CREATE TABLE dim_cryptostock_value (
    cryptostock_value_key INTEGER PRIMARY KEY,
    stock_price_key INTEGER,
    crypto_price_key INTEGER,
    high DECIMAL,
    low DECIMAL,
    volume DECIMAL,
    FOREIGN KEY (stock_price_key) REFERENCES dim_stock_price(stock_price_key),
    FOREIGN KEY (crypto_price_key) REFERENCES dim_crypto_price(crypto_price_key)
)
""")

print("✓ Tabela dim_cryptostock_value criada!")

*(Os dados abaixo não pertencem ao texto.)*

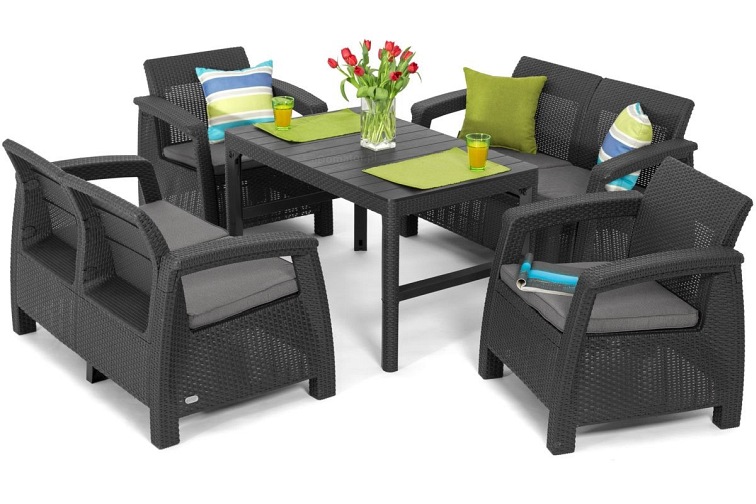 Zestaw Ogrodowy Corfu Fiesta + Lyon 6-Osobowy Grafit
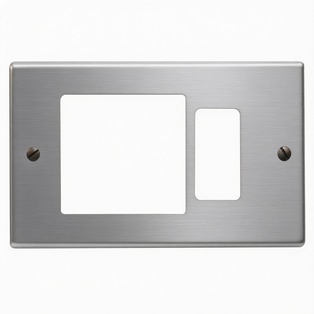 PLACCA FAEG ALLUMINIO ANODIZZATO PAGLIERINO PER PRESA SCHUKO DECENTRATA TIPO BTICINO MAGIC 1 POSTO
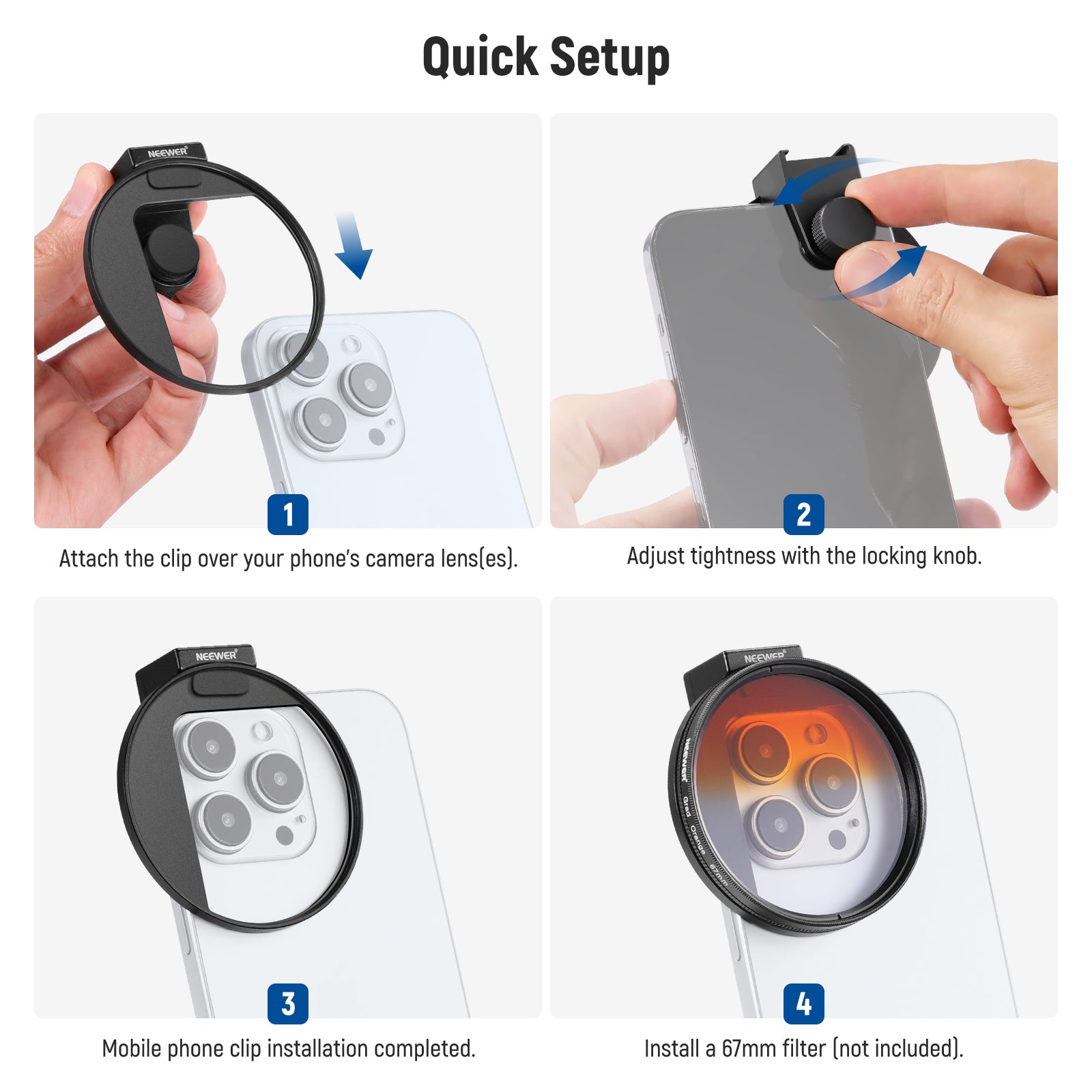 NEEWER LA006 Upgraded 67mm Phone Filter Mount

✓ Tabela dim_crypto_price criada!
✓ Tabela dim_stock_price criada!
✓ Tabela dim_cryptostock_value criada!


### 8. Tabela Fato (fact_value)

In [30]:
# Criar tabela fato
conn.execute("""
DROP TABLE IF EXISTS fact_value
""")

conn.execute("""
CREATE TABLE fact_value (
    value_key INTEGER,
    asset_key VARCHAR,
    year_key INTEGER,
    socioeconomical_indicator_key VARCHAR,
    realestate_indicator_key VARCHAR,
    cryptostock_value_key INTEGER,
    FOREIGN KEY (value_key) REFERENCES dim_value(value_key),
    FOREIGN KEY (asset_key) REFERENCES dim_asset(asset_key),
    FOREIGN KEY (year_key) REFERENCES dim_year(year_key),
    FOREIGN KEY (socioeconomical_indicator_key) REFERENCES dim_socioeconomical_indicator(socioeconomical_indicator_key),
    FOREIGN KEY (realestate_indicator_key) REFERENCES dim_realestate_indicator(realestate_indicator_key),
    FOREIGN KEY (cryptostock_value_key) REFERENCES dim_cryptostock_value(cryptostock_value_key)
)
""")

print("✓ Tabela fact_value criada!")

✓ Tabela fact_value criada!


## Fechar Conexão

In [31]:
# Fechar a conexão com o DuckDB
# (O banco de dados persiste no arquivo zillow_dwh.duckdb)
conn.close()
print("✓ Conexão fechada. Data Warehouse pronto para uso!")

✓ Conexão fechada. Data Warehouse pronto para uso!